Une fortune qui innocente par la même occasion le livret de Grazio Braccioli, si tant est que dans notre recherche d’explications à l’insuccès d’Orlando, nous ayons voulu le mettre en cause. Assez alambiqué, ce qui n’était pas de nature à déconcerter le public de l’époque habitué aux galimatias des arguments d’opéra, il suit d’assez près le poème épique de L’Arioste (1516-1532). Sur l’île enchantée d’Alcina, Orlando retrouve Angelica qu’il aime en vain. La belle lui préfère Medoro. Ils sont rejoints par Astolfo, qui courtise Alcina, et par Bradamante à la recherche de son amant Ruggiero. Tout ce petit monde va s’affronter à coup de serments et de sortilèges au point qu’Orlando en perdra la raison. Il faudra trois actes pour dénouer l’écheveau. Finalement Alcina sera vaincue et Orlando guéri de sa funeste passion pour Angelica. Rien que de très banal, on le voit, dans le petit monde du dramma per musica. On reste en présence d’une histoire d’inspiration chevaleresque avec une intrigue qui se noue autour d’amours contrariés dans le but d’exalter des valeurs morales, ici la constance et la fidélité.

 

La raison de l’échec d’Orlando, il faut plutôt la chercher, comme le propose Philippe Venturini3, dans le contexte musical des années 1730. Depuis dix ans se dessine au sud de l’Italie une nouvelle forme d’opéra, dit napolitain, dont Leonardo Leo (1694-1744) et Leonardo Vinci (1690-1730) ont posé les premières pierres.
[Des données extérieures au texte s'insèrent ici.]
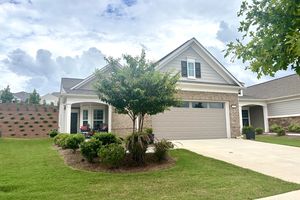 107 MACKAY DR, GRIFFIN, GA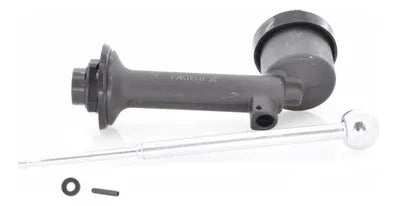 Bomba De Clutch Para Chevrolet Cheyenne 1999-2004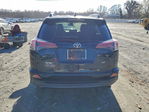 Toyota RAV 4 2017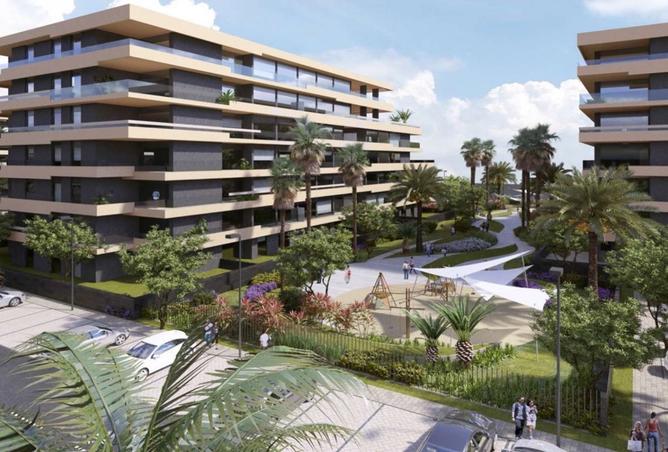 8374346 - Property Image 3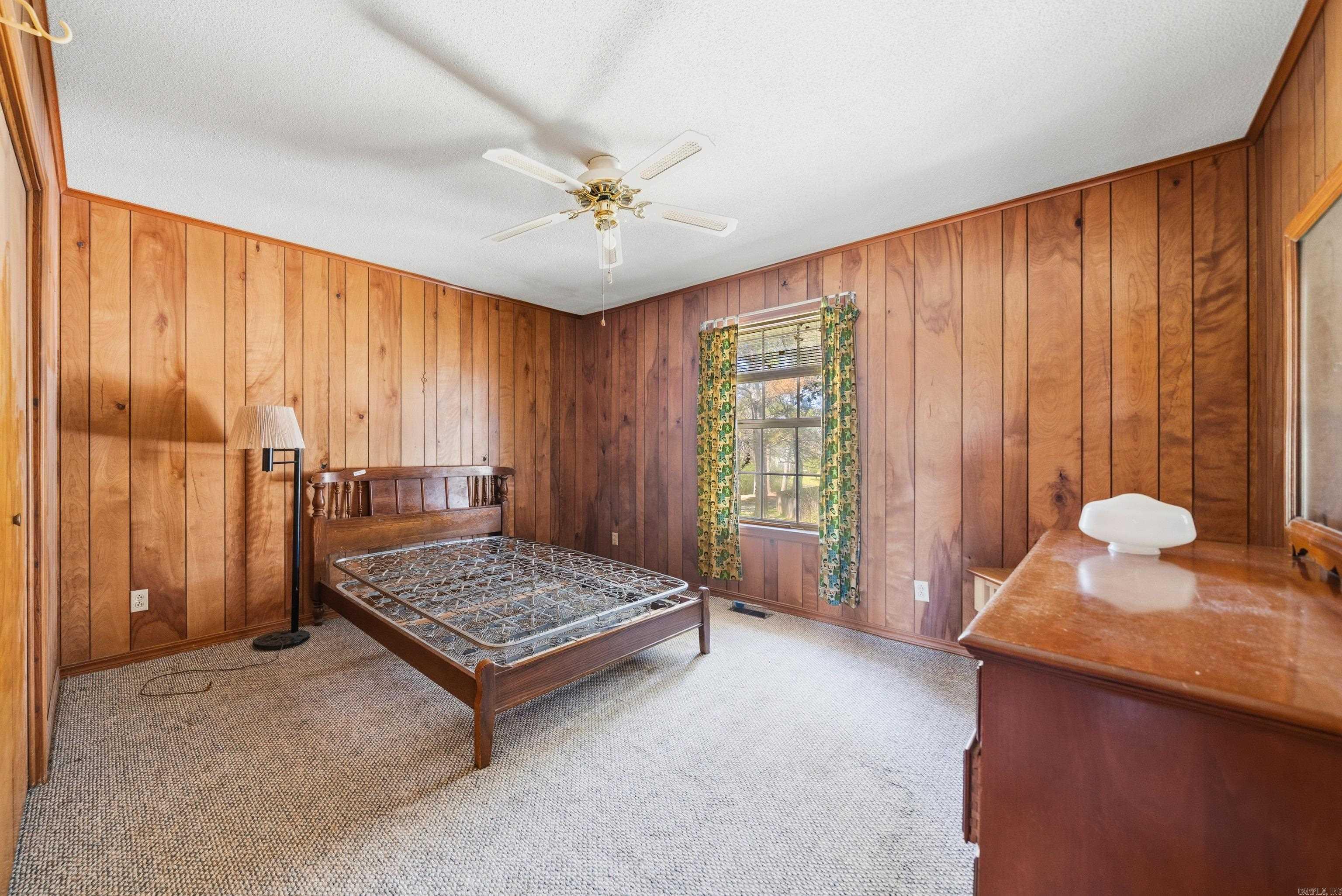 225 Watkins Property Photo 27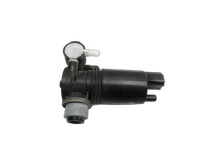 Ford B-Max 12-17 Waschwasserpumpe Wischwasserpumpe Waschpumpe Vorne Ford B-Max 12-17 21.03.2013 gebraucht Vorschau 1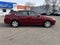 2009 Kia Optima LX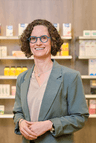 Valérie Jansen van Rosendaal profile picture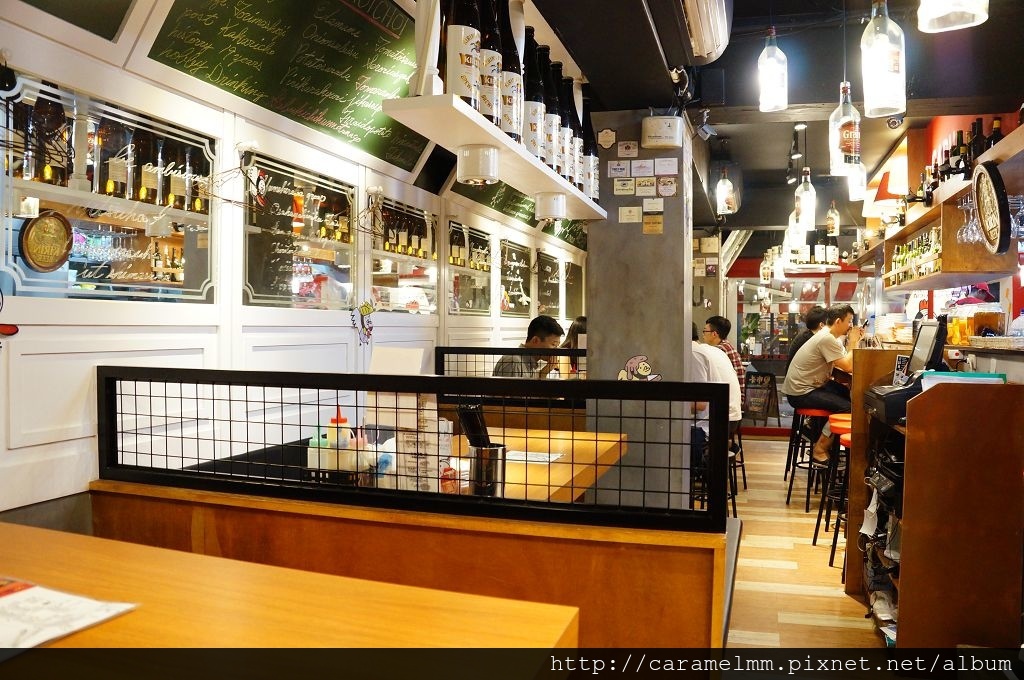 DSC00361.jpg DSC00361.jpg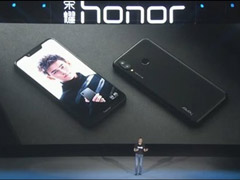 1999Ԫ𣡻ΪҫPlayֻԤԼַ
Motivée par l’extraordinaire technique des castrats qui touchent alors à leur apogée, l’écriture musicale s’y place au service de la voix considérée sous le seul angle de la virtuosité. Les impératifs dramatiques sont délaissés au profit de l’effet vocal. Dans cette nouvelle approche où plaisirs mélodique et vélocité priment sur tout le reste, l’aria da capo s’impose. Charge aux récitatifs secs d’effectuer la liaison en supportant l’action. L’opéra napolitain se propage rapidement dans la péninsule italienne (au point que certaines encyclopédies lui préfèrent le terme « panitalien ») puis dans toute l’Europe. Ou presque, on sait que la France qui avait développé sa propre école lyrique ne sacrifia pas à la vogue de l’opera seria toutes origines confondues, ce qui explique pourquoi Orlando Furioso, comme tous ses congénères, ne fut pas représenté à Paris avant 1981. Tentative ou non de riposte à l’invasion napolitaine, les efforts de Vivaldi pour exprimer musicalement les tourments de son héros allaient à l’encontre du mouvement. En 1727, son opéra était tout simplement démodé.

 

Plus de deux siècles furent nécessaires pour qu’Orlando furioso sorte de l’ombre dans laquelle, à peine créé, il avait été plongé, même si Vivaldi, fidèle aux habitudes de l’époque, en recycla plusieurs airs dans des ouvrages postérieurs (ainsi on retrouve « Nel profondo cieco mondo » un an après dans Atenaide). En 1978, Claudio Scimone, séduit par l’alliage unique de récitatifs puissants et d’airs magnifiques, exhumait la partition à Vérone dans une mise en scène de Pier Luigi Pizzi. Un enregistrement suivit dont le succès ne suffit pas à remettre aux goûts du jour les opéras de Vivaldi. Pour cela, il fallut attendre plus de vingt ans Cecilia Bartoli et son prophétique Vivaldi album suivie de l’entreprise Naïve4 qui nous vaut aujourd’hui au disque l’Orlando furioso de référence – Jean-Christophe Spinosi, Marie-Nicole Lemieux, Philippe Jaroussky, Jennifer Larmore, Veronica Cangemi, etc. –, la distribution qu’à un ou deux noms près nous retrouverons sur scène à Paris dans quelques semaines.

 

Christophe Rizoud

 

  • A lire : L’Avant-Scène Opéra n° 260 – Orlando Furioso (plus d’informations)
  • A écouter : Orlando Furioso – direction musicale : Jean-Christophe Spinosi avec Marie-Nicole Lemieux (Orlando), Veronica Cangemi (Angelica), Jennifer Larmore (Alcina), Ann Hallenberg (Bradamante), Blandine Staskiewicz (Medoro), Philippe Jaroussky (Ruggiero), Lorenzo Regazzo (Astolfo)
  • A voir : Orlando Furioso à Paris, Théâtre des Champs-Elysées, 6 représentations du samedi 12 mars au mardi 22 mars (plus d’informations)

 

1 Patrick Barbier : Venise, 1727 : musique et société (L’Avant-Scène Opéra n° 260)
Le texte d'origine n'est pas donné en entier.